Where are we headed in opera today? It is no longer expected that Le nozze di Figaro should be cast from a European cultural perspective. What then? Would a staging of the work from a contrasting cultural viewpoint be considered reverse appropriation? It seems to me that such a staging would be allowable and even desirable. Les pêcheurs de Perles, cast as it was for the Paris premiere in 1863, would not be acceptable today. Bizet’s opera is intrinsically relevant to the culture, religion and history of the people of South Asia in a way that Le nozze di Figaro is not relevant to its setting.

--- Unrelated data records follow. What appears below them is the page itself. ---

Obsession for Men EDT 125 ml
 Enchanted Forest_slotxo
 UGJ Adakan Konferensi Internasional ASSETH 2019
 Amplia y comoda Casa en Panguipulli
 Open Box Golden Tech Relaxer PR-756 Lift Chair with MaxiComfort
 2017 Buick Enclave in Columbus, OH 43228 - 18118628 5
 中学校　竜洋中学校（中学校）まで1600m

Beaumarchais set the work in Paris, but censors forced him to a relocate it to Seville. Da Ponte didn’t blink. The piece could easily be transferred to San Juan or New York. Therein might lie a deep chasm between appropriating that which is endemic to the Bizet but not to the Mozart. Latins in Puerto Rico portraying Sri Lankans appropriate elements that could never reach full representative rigour on the stage. Diving for pearls is not a Puerto Rican thing, neither is praying to Brahma. I dare conclude that Torontonians are even less adept at fishing for pearls.
Thinking of evolutionary stage trends takes me to Charles Darwin, Richard Dawkins and his ideas on memetic cultural evolution and the theatrical genius of Konstantin Stanislavski’s Method of Physical Action, all in their way presaging profound change. Maturity comes with experience, intellectual depth and the pursuit of excellence. We change as we go. Intellectually, we have moved beyond the perspective of a Cio-Cio San interpreted traditionally by a white soprano. In her rendition of the role, Victoria de los Angeles, a Spaniard, was imaginative and profoundly touching as the 15-year-old geisha in Nagasaki. She was also essentially European. Then matters took a turn with the late Japanese soprano, Yoko Watanabe, who had all of Richard Miller’s seven pillars for performance success but added much that was missing and made the role her property for almost 400 performances. We evolve and we adjust to new modes, new challenges and changes that are logical and revelatory. We are, for sure, in need of continued dialogue and debate. Many are not happy with this, but others are eager to explore, experience and pursue new paradigms.